さて45/55について。以前ある私鉄鉄道会社の、今は亡き副社長Oさんとあるご縁で親しくさせて頂いたことがある。社運をかけた重要かつ困難を極める事業をやり遂げた方だ。その訓えの中で今でも私の心に残っている言葉がある。それは「交渉毎はこちらが一歩引くところでまとめるのがベストであり、自分たちにとって有利な条件でまとまった場合は後から崩れることが多い。」言い換えれば相手が自分達にとって有利な条件でまとまったと思う場合、相手から崩してくることはない。自分達、あるいは自社の内部条件は自分達で努力すれば調整可能だが、相手の条件は調整できない。このあたりの呼吸を教えてくださった。それを私流に数字で表現すると45/55ということになる。

企業にとって大事なことは永続性と人材の育成、社会に対して価値を提供し続けることのできる仕組み、その仕組みを構成する知識と経験と技術の集積を措いて他にはない。

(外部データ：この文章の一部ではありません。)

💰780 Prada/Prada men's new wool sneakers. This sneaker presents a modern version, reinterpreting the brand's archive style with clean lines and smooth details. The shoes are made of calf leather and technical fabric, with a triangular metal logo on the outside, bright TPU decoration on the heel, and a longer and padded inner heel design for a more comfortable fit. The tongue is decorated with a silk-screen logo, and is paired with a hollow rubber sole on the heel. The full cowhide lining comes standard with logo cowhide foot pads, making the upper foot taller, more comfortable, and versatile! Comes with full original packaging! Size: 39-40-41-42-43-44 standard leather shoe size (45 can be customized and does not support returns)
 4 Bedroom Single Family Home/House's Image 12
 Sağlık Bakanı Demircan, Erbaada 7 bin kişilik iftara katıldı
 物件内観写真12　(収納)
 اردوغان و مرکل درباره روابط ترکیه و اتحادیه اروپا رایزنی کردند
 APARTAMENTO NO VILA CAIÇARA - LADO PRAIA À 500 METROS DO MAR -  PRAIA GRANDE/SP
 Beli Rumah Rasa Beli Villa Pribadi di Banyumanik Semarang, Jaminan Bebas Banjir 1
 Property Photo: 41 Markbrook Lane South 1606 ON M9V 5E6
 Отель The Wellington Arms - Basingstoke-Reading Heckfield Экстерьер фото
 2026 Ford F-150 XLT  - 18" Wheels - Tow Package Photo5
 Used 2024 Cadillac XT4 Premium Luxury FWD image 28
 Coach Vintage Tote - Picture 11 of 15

中国、韓国、東南アジアで100年以上続く企業は何社あるだろうか。日本経済新聞「経営の視点」によれば、例えば韓国の場合僅か7社。一方日本は2万7335社。日本の長寿企業を支えている力は何か。それは拡大より存続を重視し、従業員や取引先との関係を重視、企業形態はファミリービジネスと指摘されている。勿論ファミリーもスモールファミリーからビッグファミリーと規模の大小はあるが、基本は「ファミリー」だ。これからは従業員と経営者の近い関係、また顧客との近い関係がますます重要性を持ってくるのではないか。